Which lines come from the start of the records through the line that holds "Prioco: Notfallvorsorge für"? Write them out word for word.

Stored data
--------------------------------------------------
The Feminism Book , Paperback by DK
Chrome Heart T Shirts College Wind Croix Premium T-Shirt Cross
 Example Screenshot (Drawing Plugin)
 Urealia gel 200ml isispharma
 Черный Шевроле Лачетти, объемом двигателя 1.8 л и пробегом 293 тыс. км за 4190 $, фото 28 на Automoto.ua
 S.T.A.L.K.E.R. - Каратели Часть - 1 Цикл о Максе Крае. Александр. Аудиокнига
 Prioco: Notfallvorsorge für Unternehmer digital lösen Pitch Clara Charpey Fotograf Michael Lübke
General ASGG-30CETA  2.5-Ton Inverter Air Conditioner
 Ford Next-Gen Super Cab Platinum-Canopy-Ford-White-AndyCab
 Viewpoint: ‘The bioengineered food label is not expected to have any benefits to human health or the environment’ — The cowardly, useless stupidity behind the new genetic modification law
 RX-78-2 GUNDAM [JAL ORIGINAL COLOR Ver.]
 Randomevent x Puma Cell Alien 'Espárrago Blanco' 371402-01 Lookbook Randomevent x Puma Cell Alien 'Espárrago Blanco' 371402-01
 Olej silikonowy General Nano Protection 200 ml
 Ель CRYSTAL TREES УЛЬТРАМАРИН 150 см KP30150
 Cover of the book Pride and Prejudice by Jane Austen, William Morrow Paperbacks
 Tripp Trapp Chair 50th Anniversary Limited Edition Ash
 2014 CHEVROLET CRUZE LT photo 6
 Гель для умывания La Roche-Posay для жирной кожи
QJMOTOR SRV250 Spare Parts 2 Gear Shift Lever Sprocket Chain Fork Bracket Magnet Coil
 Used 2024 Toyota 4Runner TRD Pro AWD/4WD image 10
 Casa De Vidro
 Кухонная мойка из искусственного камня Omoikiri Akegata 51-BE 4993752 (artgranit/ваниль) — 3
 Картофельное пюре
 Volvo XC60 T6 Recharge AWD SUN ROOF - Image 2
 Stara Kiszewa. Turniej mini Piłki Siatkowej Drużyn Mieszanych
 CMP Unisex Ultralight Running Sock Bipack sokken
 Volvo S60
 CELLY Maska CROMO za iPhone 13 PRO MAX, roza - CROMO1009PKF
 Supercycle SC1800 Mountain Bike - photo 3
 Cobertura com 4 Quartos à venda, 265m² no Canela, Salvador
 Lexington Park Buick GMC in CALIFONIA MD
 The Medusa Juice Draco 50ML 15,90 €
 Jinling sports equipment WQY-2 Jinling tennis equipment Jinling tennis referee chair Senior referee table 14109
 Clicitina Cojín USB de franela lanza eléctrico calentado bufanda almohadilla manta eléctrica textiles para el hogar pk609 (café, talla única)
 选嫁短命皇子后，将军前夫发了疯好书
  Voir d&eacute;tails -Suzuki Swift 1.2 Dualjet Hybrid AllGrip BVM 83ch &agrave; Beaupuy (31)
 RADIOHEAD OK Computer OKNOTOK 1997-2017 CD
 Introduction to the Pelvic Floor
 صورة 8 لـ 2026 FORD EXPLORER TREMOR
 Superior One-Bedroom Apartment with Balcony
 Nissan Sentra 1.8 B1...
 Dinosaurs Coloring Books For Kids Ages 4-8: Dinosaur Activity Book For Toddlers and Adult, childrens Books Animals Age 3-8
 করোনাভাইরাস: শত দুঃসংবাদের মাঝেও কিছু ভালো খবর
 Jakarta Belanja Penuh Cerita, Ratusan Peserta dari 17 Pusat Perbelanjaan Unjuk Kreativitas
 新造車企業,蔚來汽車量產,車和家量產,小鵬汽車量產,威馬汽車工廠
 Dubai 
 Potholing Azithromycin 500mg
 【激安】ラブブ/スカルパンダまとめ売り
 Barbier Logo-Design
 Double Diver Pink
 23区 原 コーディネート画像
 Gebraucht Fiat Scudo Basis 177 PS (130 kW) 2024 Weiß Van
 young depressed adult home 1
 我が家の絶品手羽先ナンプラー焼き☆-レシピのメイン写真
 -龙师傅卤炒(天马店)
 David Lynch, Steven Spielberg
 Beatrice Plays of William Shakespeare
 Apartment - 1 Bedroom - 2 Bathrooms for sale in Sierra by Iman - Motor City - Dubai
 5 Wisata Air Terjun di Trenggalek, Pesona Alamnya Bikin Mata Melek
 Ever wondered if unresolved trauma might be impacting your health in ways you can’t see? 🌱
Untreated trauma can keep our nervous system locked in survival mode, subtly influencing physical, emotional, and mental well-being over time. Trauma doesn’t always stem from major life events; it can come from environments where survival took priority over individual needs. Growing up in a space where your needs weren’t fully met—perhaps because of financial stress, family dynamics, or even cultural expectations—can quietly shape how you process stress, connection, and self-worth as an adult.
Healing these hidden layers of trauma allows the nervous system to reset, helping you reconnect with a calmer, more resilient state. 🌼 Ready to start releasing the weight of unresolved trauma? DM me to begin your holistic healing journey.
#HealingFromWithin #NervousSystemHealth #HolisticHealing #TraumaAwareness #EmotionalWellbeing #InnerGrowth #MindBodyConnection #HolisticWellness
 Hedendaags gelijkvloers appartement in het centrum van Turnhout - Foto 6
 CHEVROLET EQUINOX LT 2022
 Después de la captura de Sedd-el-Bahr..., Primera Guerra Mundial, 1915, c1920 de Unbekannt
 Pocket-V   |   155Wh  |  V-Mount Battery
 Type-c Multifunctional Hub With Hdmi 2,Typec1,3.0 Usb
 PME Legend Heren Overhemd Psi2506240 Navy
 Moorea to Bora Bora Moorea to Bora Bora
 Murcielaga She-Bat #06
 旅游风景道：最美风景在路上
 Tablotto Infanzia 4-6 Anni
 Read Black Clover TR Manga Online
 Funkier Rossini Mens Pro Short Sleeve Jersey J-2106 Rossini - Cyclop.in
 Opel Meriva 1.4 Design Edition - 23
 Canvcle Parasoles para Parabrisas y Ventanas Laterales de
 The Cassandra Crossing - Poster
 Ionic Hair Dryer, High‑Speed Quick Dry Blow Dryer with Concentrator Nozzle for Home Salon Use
--------------------------------------------------
Written solution:
The Feminism Book , Paperback by DK
Chrome Heart T Shirts College Wind Croix Premium T-Shirt Cross
 Example Screenshot (Drawing Plugin)
 Urealia gel 200ml isispharma
 Черный Шевроле Лачетти, объемом двигателя 1.8 л и пробегом 293 тыс. км за 4190 $, фото 28 на Automoto.ua
 S.T.A.L.K.E.R. - Каратели Часть - 1 Цикл о Максе Крае. Александр. Аудиокнига
 Prioco: Notfallvorsorge für Unternehmer digital lösen Pitch Clara Charpey Fotograf Michael Lübke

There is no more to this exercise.